Storm isn’t the only project trying to solve the big data streaming problem. Apache S4 is an open source project originally developed by Yahoo that provides similar functionality, and HStreaming offers a proprietary product that adds real-time capabilities to Hadoop. But Storm is the project that seems to be gaining the most traction. For example, the contact management startup FullContact chose Storm over other options.

“We wanted to try open source first, as it keeps our options wide open should we want to change technologies. That ruled out HStreaming,” explains FullContact CTO Dan Lynn. “S4 was very interesting, but I didn’t get the impression that it had captured the enthusiasm of the developer community as well as Storm.” Nodeable chose to use Storm as its base for similar reasons.

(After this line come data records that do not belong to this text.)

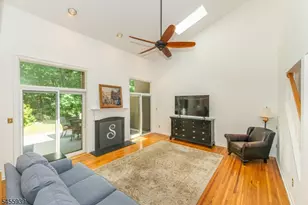 31 Lockley Ct, Mountain Lakes, NJ 07046 - Photo 9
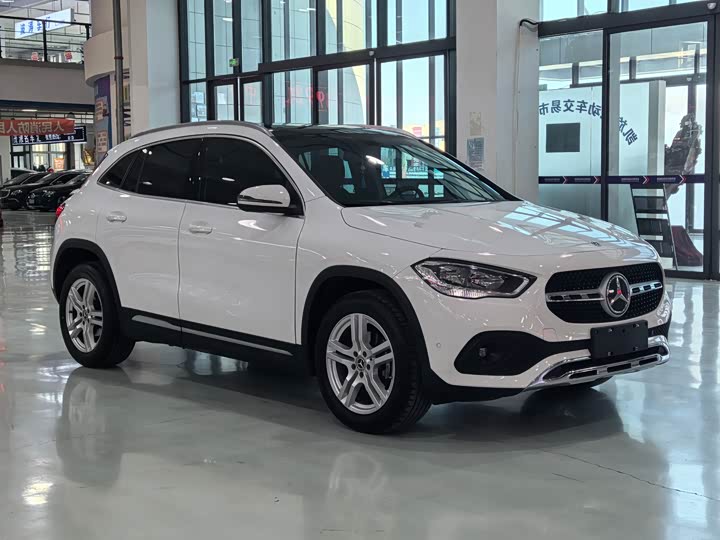 Фото 3 - Mercedes-Benz GLA-Class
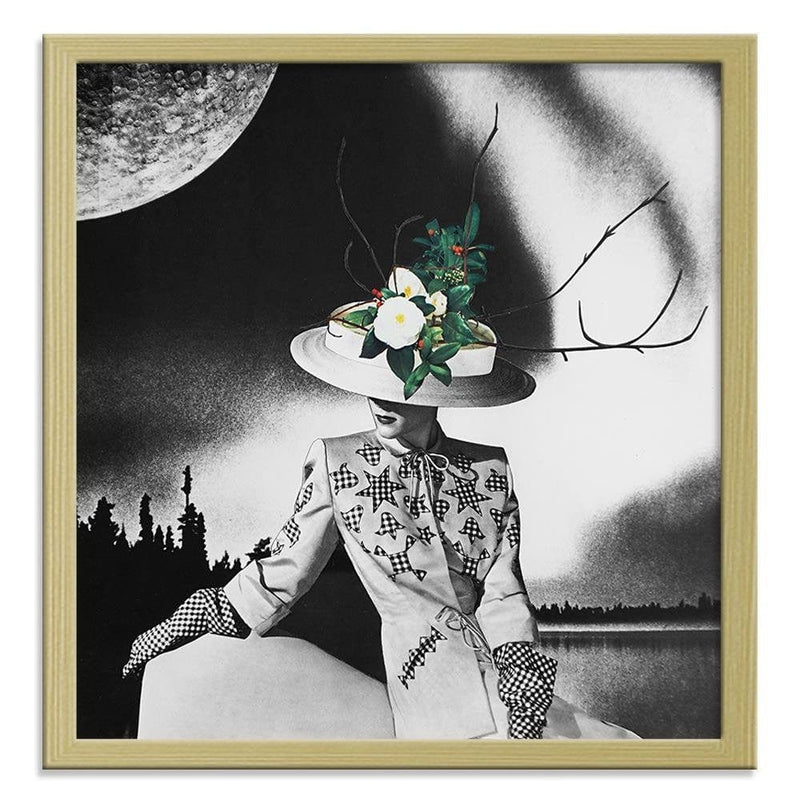 Glezna bēšā rāmī - Woman In Hat With Flowers  Home Trends DECO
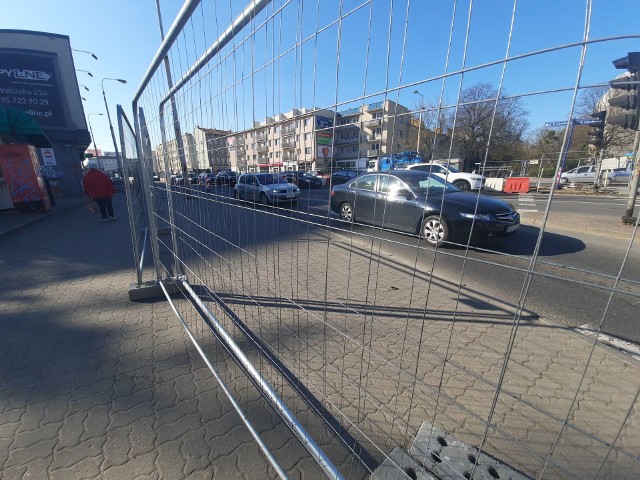 Prace na skrzyżowaniu ulic: Chrobrego, Wybickiego i Jagiełły mają potrwać do końca roku.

Nodeable launched last year as a challenger to Splunk, the big data company that IPOed earlier this year. Spunk sells an on-premise tool for collecting and analyzing large data sets. It’s become best known for handling machine generated data, mostly system log files from servers, but it could be used for pretty much any data set.

Nodeable offers a similar solution, but tuned specifically for IT operations data and hosted in the cloud, along with real-time capabilities and a Twitter-like interface. Rosenberg says the service had plenty of users – so why the pivot? “As the company grew we realized we needed to either go further into management, or further into analytics,” he explains. What users wanted was better analytics – there are plenty of IT management solutions available. As the Nodeable team delved deeper into analytics, they found the core problem with most analytics tools is a disconnect between the needs of business users, who want dashboards and alerts, and the needs of data analysts who want to run custom queries.

Part of this problem stems from a divide between the need to run batch queries on historical data, which Hadoop is good at, and the need to process incoming streams of data for actionable intelligence, which is what Storm is built for. What Nodeable needed was a way to get data in and out of Hadoop, and to process certain data before it even hit Hadoop. With those problems solved, the Nodeable team realized that they’d stumbled onto something more broadly applicable than its log-file centric service. “We ended up solving a problem that we hadn’t really set out to solve,” says Nodeable CEO Dave Rosenberg. He also says Nodeable will open source much of its code, including reference implementations for Storm analytics and an agent for collecting analyics from Amazon EC2 instances.

Nodebale will be going up against companies like HStreaming has a partnership with Microsoft to bring its real-time solution to Hadoop on Azure. Also, last year Amazon Web Services posted a job listing for someone “to lead the team that is building a disruptive new service for processing Big Data streams,” suggesting that we may see a real-time complement to the cloud provider’s Elastic MapReduce service. Expect strong competition in this space in coming months.